-- Directions --
The answer must consist solely of the lines from the one with "Split image - Laurence" through the last line of the data, copied exactly, with no pictures.

-- Supplied information --
---+---

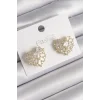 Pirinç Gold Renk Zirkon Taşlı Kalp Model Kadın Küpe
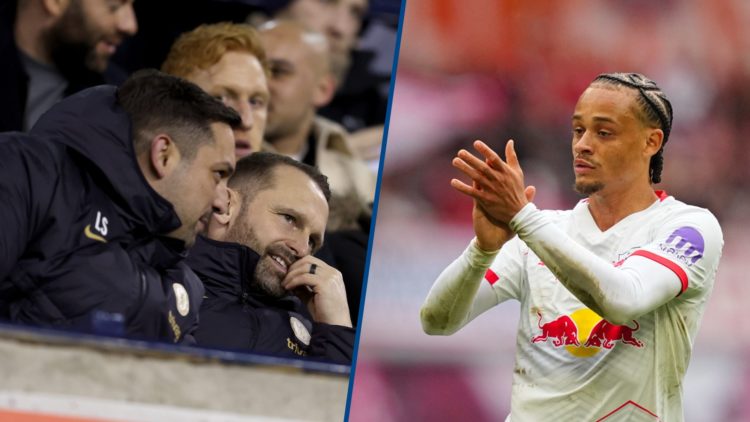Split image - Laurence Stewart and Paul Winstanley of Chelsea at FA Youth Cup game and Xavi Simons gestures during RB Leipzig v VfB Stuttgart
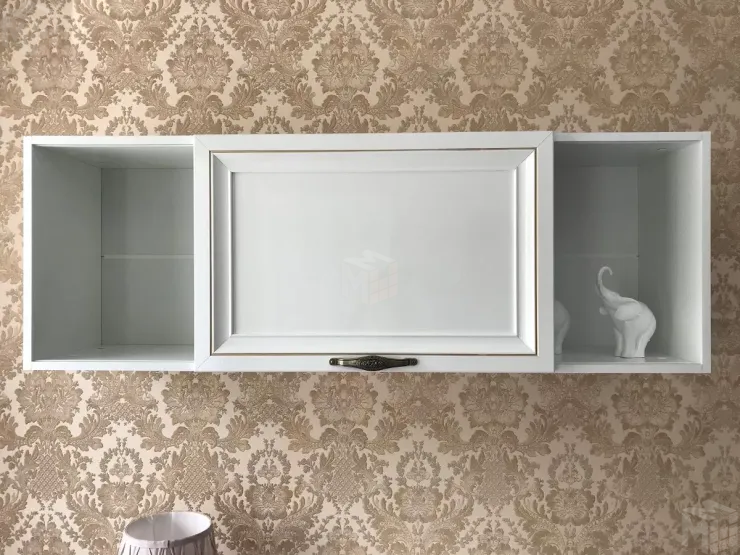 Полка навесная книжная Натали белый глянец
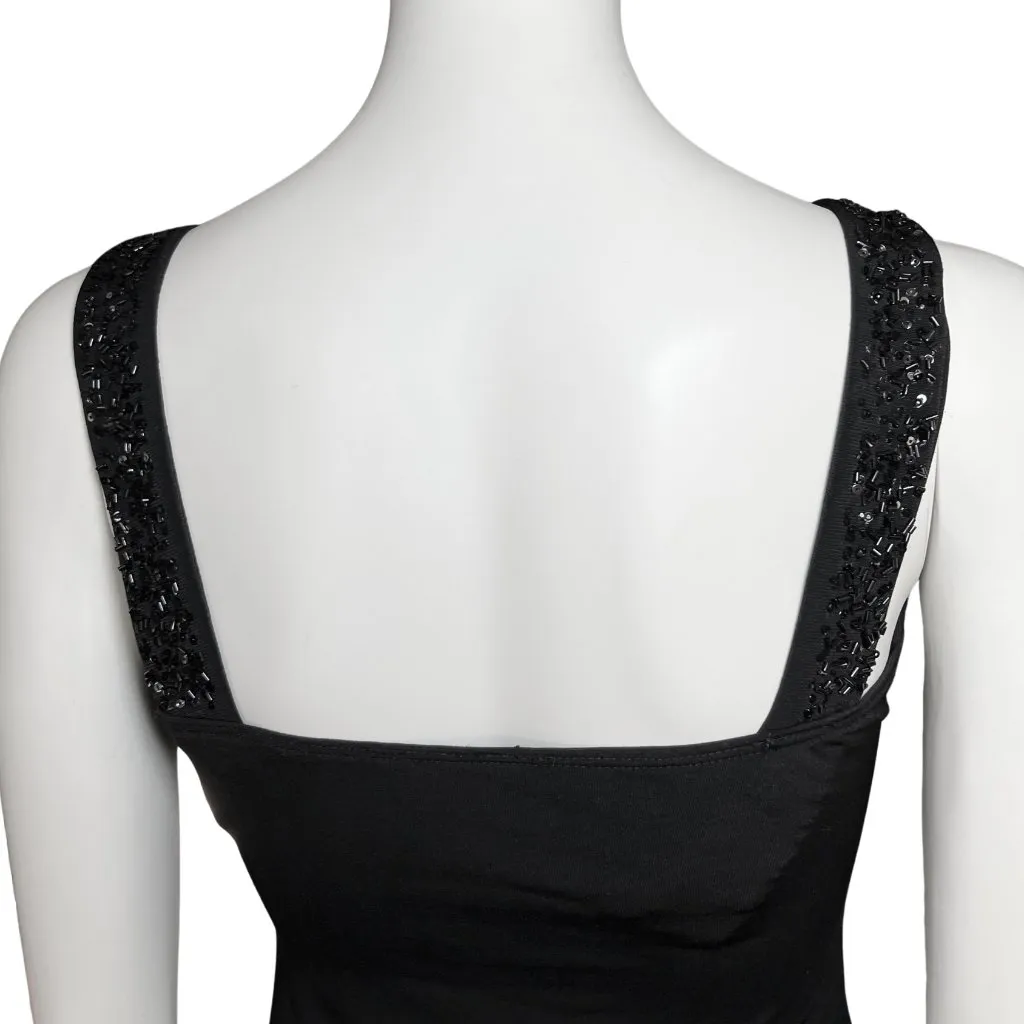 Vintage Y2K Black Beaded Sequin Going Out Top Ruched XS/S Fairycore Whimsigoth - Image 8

---+---

-- Task answer --
Split image - Laurence Stewart and Paul Winstanley of Chelsea at FA Youth Cup game and Xavi Simons gestures during RB Leipzig v VfB Stuttgart
 Полка навесная книжная Натали белый глянец
 Vintage Y2K Black Beaded Sequin Going Out Top Ruched XS/S Fairycore Whimsigoth - Image 8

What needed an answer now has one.